There is an idea, dating back in its earliest form to 1928, called the Sapir-Whorf hypothesis, or Whorfian hypothesis, which states that a person’s thoughts and ideas are limited by the language one employs. Obviously, it is much more difficult to think about something if you simply don’t have the words to do it. This, I think, may point to an even more important reason for the Aryans’ success than the riding of horses, which may have led to their very idea of riding them in the first place: the Aryans possessed a relatively very sophisticated, very adaptable, very powerful language (or eventually, family of languages). Because of their advanced linguistic technology, so to speak, they were able to think and say things others couldn’t think or say so easily, and thus they had a profound advantage over, say, societies with no number higher than ten, or with such rigid grammatical forms that they were literally mentally handicapped by their own words. This helps to explain why, although many “barbarous” peoples who have invaded and conquered more sophisticated societies have adopted the language and customs of the conquered race, as was the case with, say, Nubians or Semites conquering ancient Egypt or Mongols or Manchurians conquering medieval China, the Aryans tended to keep their language, merely adopting loan words from the conquered culture to fill in for new names of things. It also explains the “massive linguistic extinction event” which occurred throughout Europe when the Aryans invaded and took over. With a more powerful language, they were able to have more powerful ideas. Perhaps this could qualify as a primordial Meme War.

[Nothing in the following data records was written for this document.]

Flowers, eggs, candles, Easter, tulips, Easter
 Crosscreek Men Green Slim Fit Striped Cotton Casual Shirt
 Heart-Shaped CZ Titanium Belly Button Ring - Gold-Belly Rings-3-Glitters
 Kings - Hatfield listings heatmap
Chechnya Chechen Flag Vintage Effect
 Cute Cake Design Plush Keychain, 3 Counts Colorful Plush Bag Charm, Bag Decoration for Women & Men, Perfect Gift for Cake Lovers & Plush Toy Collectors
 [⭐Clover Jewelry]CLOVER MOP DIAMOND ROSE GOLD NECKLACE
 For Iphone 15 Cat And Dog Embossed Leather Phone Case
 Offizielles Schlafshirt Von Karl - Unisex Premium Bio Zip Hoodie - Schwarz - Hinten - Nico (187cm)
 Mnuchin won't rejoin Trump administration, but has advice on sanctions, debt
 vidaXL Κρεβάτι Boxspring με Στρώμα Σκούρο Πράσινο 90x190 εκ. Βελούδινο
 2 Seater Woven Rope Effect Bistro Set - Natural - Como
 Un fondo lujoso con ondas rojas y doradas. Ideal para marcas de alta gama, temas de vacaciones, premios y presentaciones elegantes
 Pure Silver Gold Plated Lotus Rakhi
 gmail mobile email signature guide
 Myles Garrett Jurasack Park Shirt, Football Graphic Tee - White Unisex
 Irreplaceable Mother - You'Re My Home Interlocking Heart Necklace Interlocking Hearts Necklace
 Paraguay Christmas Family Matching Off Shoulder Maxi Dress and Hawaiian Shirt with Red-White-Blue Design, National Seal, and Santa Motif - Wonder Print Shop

Whether the Indo-Europeans had brighter, more inquisitive, more analytical minds conditioning the creation of their language, or whether the language itself helped them to be brighter, etc., may be a chicken-and-egg sort of question. At any rate, the two factors of language and brain no doubt developed together over the millennia, and have helped the Indo-European peoples to be the most innovative and rationalistic people of the earth, speaking generally of course.
Summing it all up, the early Aryans became a sort of “master race” through a kind of powerful mental technology helping to fuel military technology and much else besides, including a very strong, very effective patriarchal societal structure that served us well up until postmodern times. And these two advantages were in turn superimposed upon big, tough, warlike barbarians who conquered and transformed the world into what we have today—abhorred by decadent leftists, but glorious nevertheless.